Prakrit vernaculars varied from region to region and were named accordingly; each vernacular was also associated with particular groups in literary compositions. The Kāvyādarśa and similar texts distinguish four major groups, with the identity of each implying a combination of language and culture: Sanskrit, Prakrit, Apabhraṃśa, and mixed. Of the various Prakrits recognized—such as Śaurasenī, Gauḍī, and Lāṭī—the highest status was granted to Māhāraṣṭrī. The dialects of cowherds and such are subsumed under Apabhraṃśa, which in this scheme is treated as a distinct medium. As the poeticist Daṇḍin notes in the Kāvyādarśa, this differs from the term’s technical usage among grammarians, in which apabhraṃśa is opposed to saṃskṛta, as noted above.
Another scheme, proposed in the 12th-century Vāgbhaṭālaṅkāra (“Vāgbhaṭa’s Poetic Embellishment,” which actually deals with a broad range of topics in poetic theory), uses a fourfold division comprising Sanskrit, Prakrit, Apabhraṃśa, and Bhūtabhāṣā. This last, otherwise known as Paiśācī, is the language of Guṇāḍhya’s Bṛhatkathā (“Great Collection of Stories”), a lost text that is the source of the later Bṛhatkathāmañjarī (“Anthology of the Bṛhatkathā”) by the 11th-century Kashmiri Kṣemendra and the Kathāsaritsāgara (“Ocean of Rivers of Tales”) of Somadeva, also a Kashmiri of the 11th century but later than Kṣemendra. Furthermore, there is a drama composed entirely in Prakrits, Rājaśekhara’s Karpūramañjarī (9th–10th century), titled after its heroine Karpūramañjarī.
In general, however, dramas employ both Sanskrit and various Prakrits.

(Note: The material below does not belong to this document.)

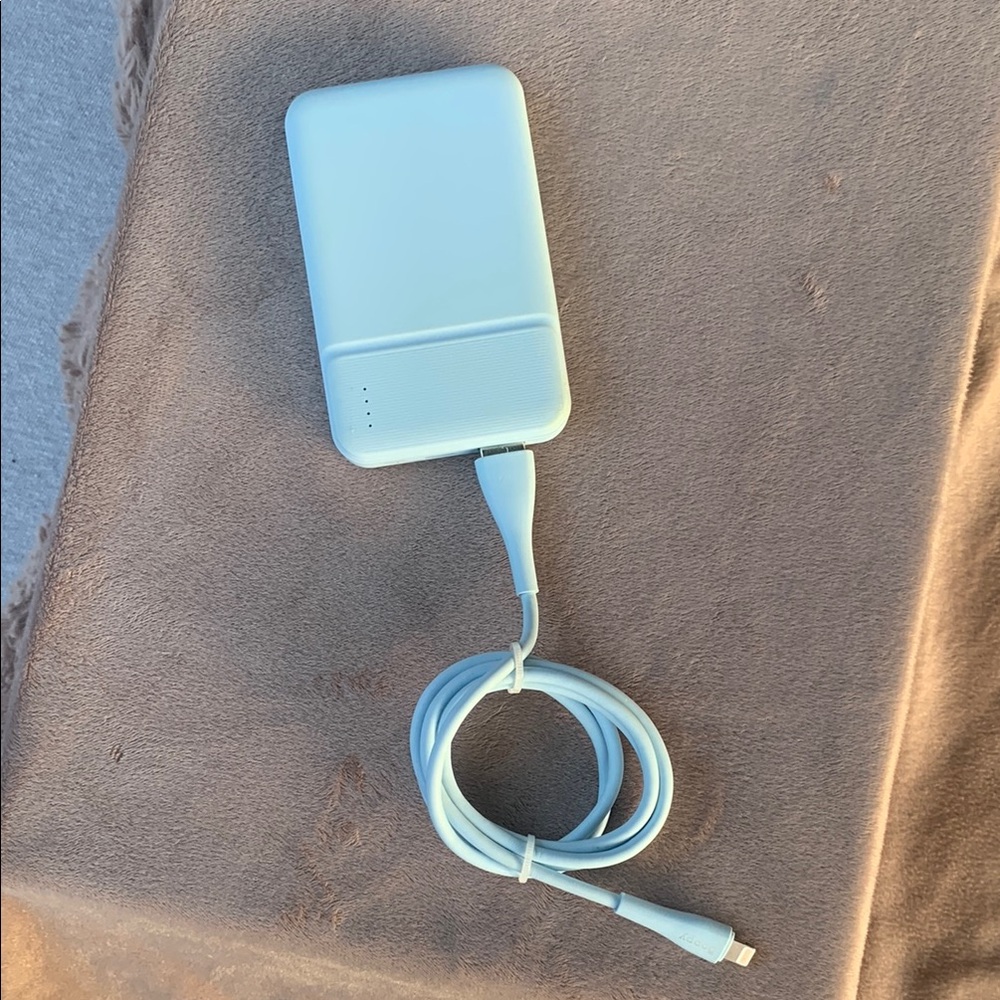 Light Blue Portable Charger with Cable
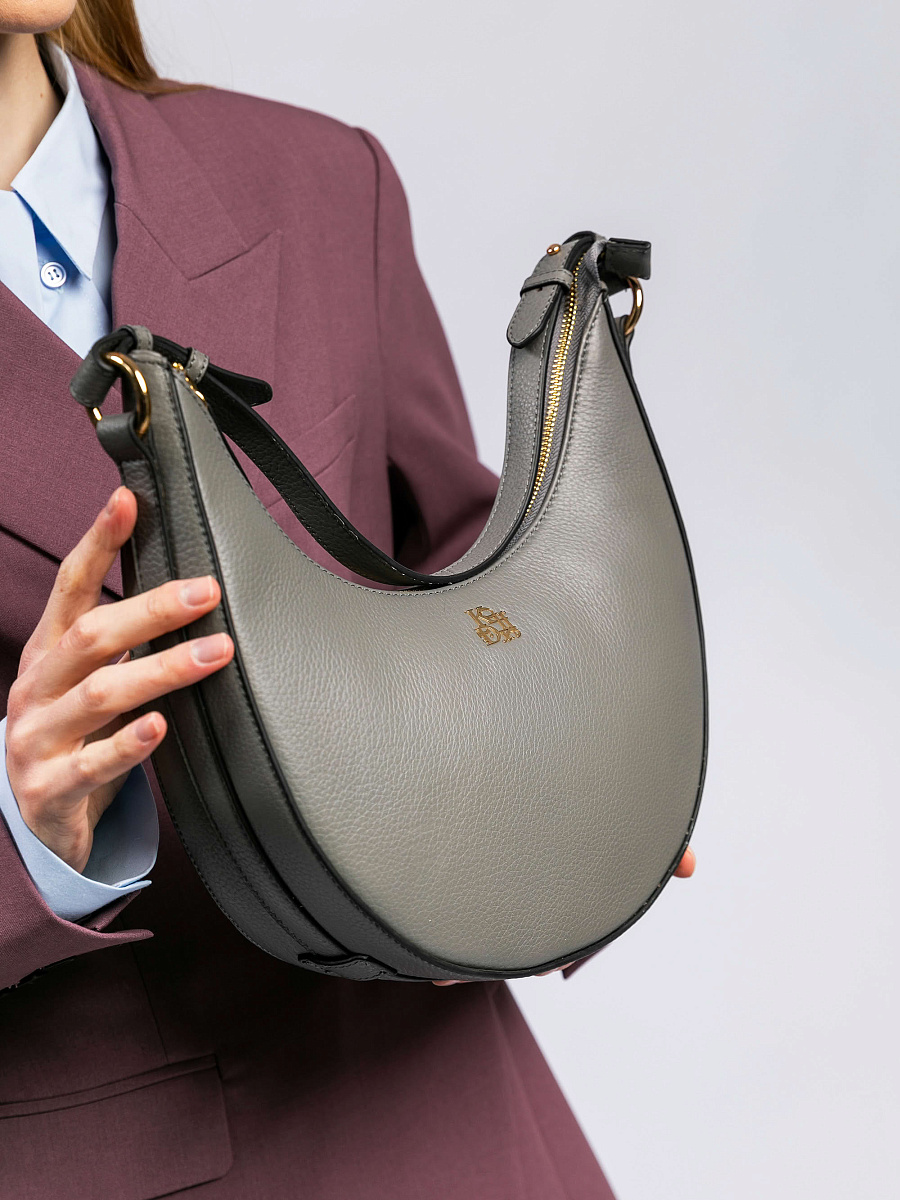 Женская сумка Dr. Koffer из натуральной кожи серая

Treatises on drama, starting from Bharata’s Nāṭyaśāstra (“Treatise on Dramaturgy”; the date of the text is disputed but possibly 2nd century bce), specify which language particular characters or classes thereof are to use. Sanskrit is thus defined as the language of refined, educated, upper-class men, while women of equal status and refinement are to use Śaurasenī except when singing verses, in which case they use Māhārāṣṭrī. Māgadhī is used by men employed in a king’s harem, while other servants of a king use Ardhamāgadhī, and so forth, with detailed assignments provided for each character type. What makes this convention particularly noteworthy, however, is that a reversal in usage is allowed when warranted by circumstances. The most famous example of this is the fourth act of Kalidasa’s Vikramorvaśīya (“Urvaśī Won Through Valour”), where Purūravas’s switch from Sanskrit to Apabhraṃśa is used to demonstrate his descent into madness at having lost Urvaśī. Another example is Mālatī’s switching from Śaurasenī to Sanskrit in the second act of Bhavabhūti’s Mālatīmādhava (“Mālatī and Mādhava”; c. early 8th century). Commentators give various reasons for this, among them that it is meant to show she is to die soon, thus changing her essence, or to demonstrate her learned nature.
The use of different Prakrits for different sorts of personages in dramas doubtless represents the adaptation to literary convention of different regional varieties that were vernaculars at one time. Apabhraṃśa too later became a literary vehicle of its own, in poems associated predominantly with Jain authors.